Short web captions:
************

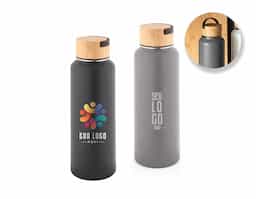 Garrafa em aço inox (90% reciclado) de parede dupla térmica, isolada a vácuo. Parede com revestimento em pó oferecendo mais durabilidade e resistência. Tampa em bambu com pega em plástico que facilita o transporte. Grande capacidade até 1.2 L.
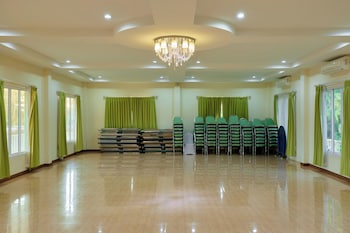 The Peak Resort Chaiyaphum,,2 star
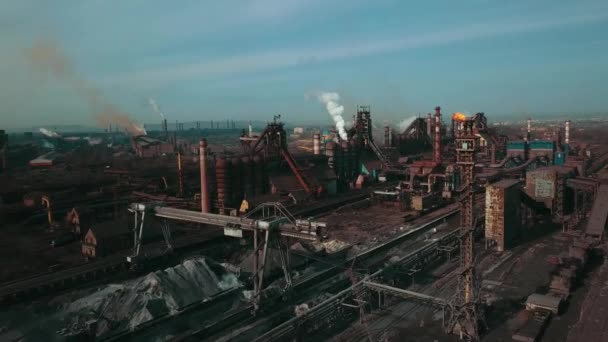 Rura Metalurgiczna Instalacji Dymu Złego Hutnictwa Ekologicznego — Wideo stockowe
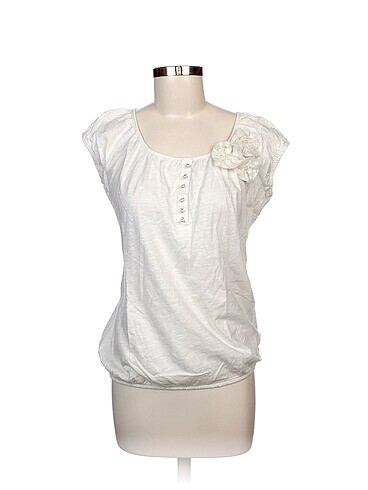 LC Waikiki T-shirt %70 İndirimli.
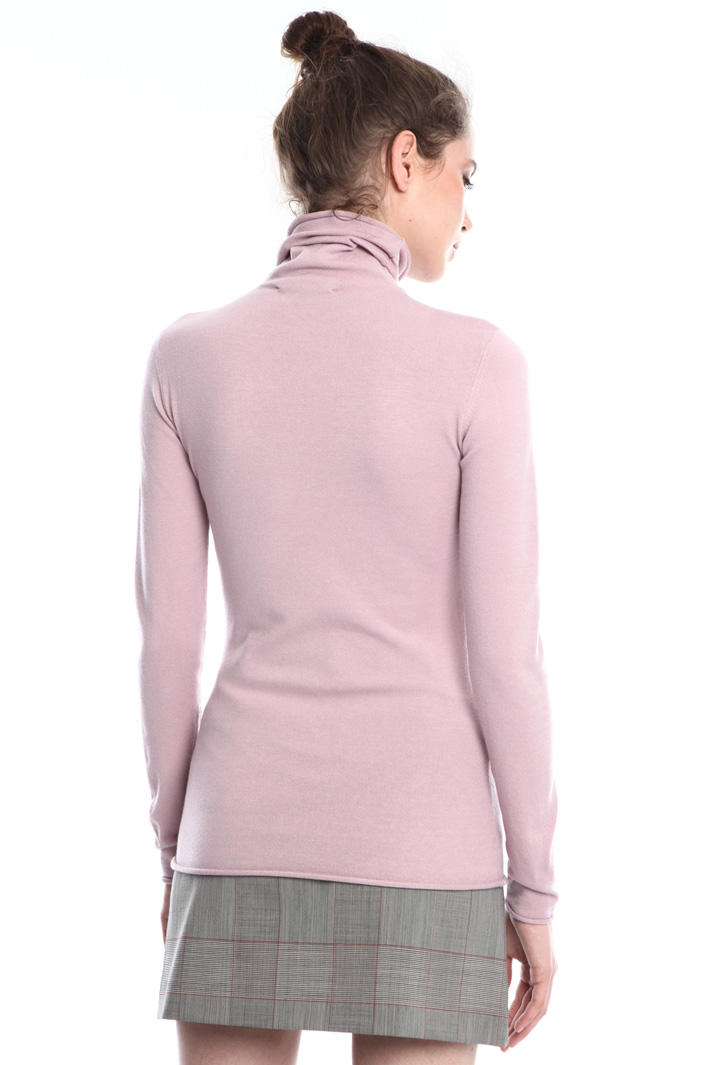 High-neck viscose sweater
Intrend High-neck viscose sweater
Intrend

************

*REQUIREMENT*. Your answer must be a verbatim copy of the entries above, with no images included.

*RESULT OF THIS TASK*.
 Garrafa em aço inox (90% reciclado) de parede dupla térmica, isolada a vácuo. Parede com revestimento em pó oferecendo mais durabilidade e resistência. Tampa em bambu com pega em plástico que facilita o transporte. Grande capacidade até 1.2 L.
 The Peak Resort Chaiyaphum,,2 star
 Rura Metalurgiczna Instalacji Dymu Złego Hutnictwa Ekologicznego — Wideo stockowe
 LC Waikiki T-shirt %70 İndirimli.
 High-neck viscose sweater
Intrend High-neck viscose sweater
Intrend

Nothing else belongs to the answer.